I took a teensy little break (I'm sure the world took notice and was worried) but I hope my overwhelmingly large readership was able to continue life nonetheless. Things have been pretty good around here. A few hiccups along the way but nothing major. I entered a new decade and - shockingly - nothing changed! Crazy, I know. I feel pretty much the same as before and certainly didn't grow a billion wrinkles and gray hair over night. I caved a few days before my birthday and added an anti-age/anti-wrinkle-probably-complete-bullshit-rip-off-cream to my daily "beauty regiment" (HAH!) but that's all the "major changes" that occured around here.

I have to be honest, I do feel a bit different, but not in a bad or panicky way. Part of me is really excited to finally be growing up. I kinda missed the train on that during my twenties but now I feel the need to let go of some of the demons that were steady companions throughout my twenties. Looking forward to settling down some more, hopefully starting a family, becoming a mom, continuing this wonderful relationship that I feel so blessed to have. Trying my hardest to be a bit more kind to myself, a bit more forgiving and finally start being ok with who I am, how I feel, look, act and once and for all quit trying to be someone I'm not just to impress others. Well, you know how it is, I'm saying this now but actually DOING IT is a whole different ballgame. So hopefully I'll be able to take on this new outlook on life and really LIVE it!  

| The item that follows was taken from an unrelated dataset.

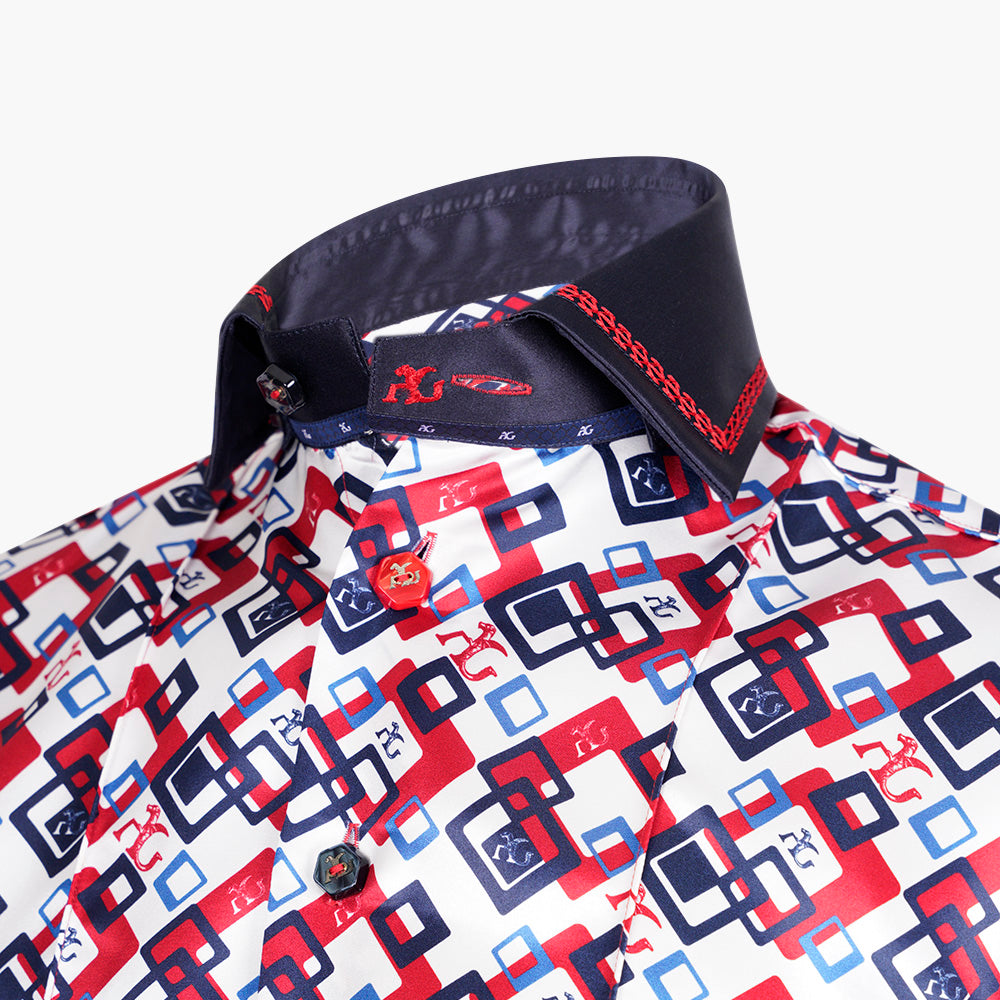 Blue & Red Custom-Printed Silk Mason Shirt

Birthday itself was very nice. Had to work but at least got out at a somewhat decent hour and made it in time for my birthday dinner with Mr. D at one of our favorite spots, Sushi and Soul (http://www.sushi-soul.de/index_flash.html), in the Glockenbach area of Munich. We each had a delicious Bento Box and shared a bottle of red whine. After dinner we strolled through downtown which was nuts since it happened to be the one night of the year when all the stores in downtown Munich are open until midnight. So it was slightly packed :-) Mr. D made it a really special birthday for me - he went all out and decorated our apartment with balloons and streamers, a cake with 30 candles on it, sparklers and he made a banner for me from scratch! I should take some pictures of it and post them so you know just how awesome the birthday decorations were! Very nice evening indeed! He's a keeper, for sure!!! The celebration continued a week later at my parents' where we invited all the relatives for a small gathering and some good food. Great weekend, so nice to be home for a few days!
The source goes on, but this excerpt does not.